United States & Japan sign organic equivalence deal

The first organic equivalence agreement made in Asia by the United States and the first without organic standards exceptions was signed on September 26 between the U.S. and Japan at All Things Organic, Natural Products Expo East in Baltimore.

Present at the announcement were Mr. Satoshi Kunii, director, Labeling Standards Division, and Mr. Takuro Mukae, associate director, Sanitary and Phytosanitary Affairs, of Japan’s Ministry of Agriculture, Food and Fisheries (MAFF) for Japan, and administrator Anne Alonzo of the U.S. Department of Agriculture’s Agricultural Marketing Service and Ambassador Isi Siddiqui of the Office of the U.S. Trade Representative for the United States.

U.S. officials noted the organic equivalence agreement will reopen the important Japanese consumer market for U.S. organic producers of all sizes and create jobs and opportunity for the U.S. organic food and farming sector.
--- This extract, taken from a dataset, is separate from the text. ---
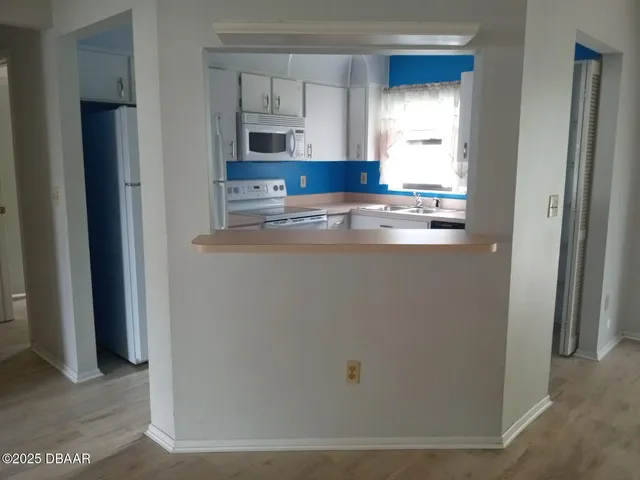 $2,100 | 428 Sandpiper Court, Edgewater, FL 32141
“This monumental agreement will further create jobs in the already growing U.S. organic sector, spark additional market growth, and be mutually beneficial to producers both in the U.S. and Japan and to consumers who choose organic products,” said Laura Batcha, executive vice president of the U.S. Organic Trade Association.

Assessments conducted in Japan and the U.S. leading up to the signing found organic management, accreditation, certification and enforcement programs are in place in both countries, and conform to each other’s respective programs.
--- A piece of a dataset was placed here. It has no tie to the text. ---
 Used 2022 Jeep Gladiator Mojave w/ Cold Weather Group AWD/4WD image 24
Certified organic products as of January 1, 2014 can move freely between the United States and Japan. Under the agreement, MAFF will recognize USDA’s National Organic Program (NOP) as equivalent to the Japanese Agricultural Standards (JAS) and the MAFF Organic Program, and will allow products produced and certified as meeting USDA’s NOP standards to be marketed as organic in Japan. Likewise, the U. S. will allow Japanese products produced and certified under the JAS Organic Program to be marketed as organic in the U.S. Both countries will require that the accredited certifier must be identified on the product label.

Ms Batcha noted that OTA and the U.S. organic industry advised, advocated for, and facilitated progress towards this historic arrangement.

In June 2009, the U.S. and Canada signed the first equivalency agreement in the world for the organic industry, followed with an organic equivalency agreement signed by the U.S. and EU in February 2012, effective June 12, 2012.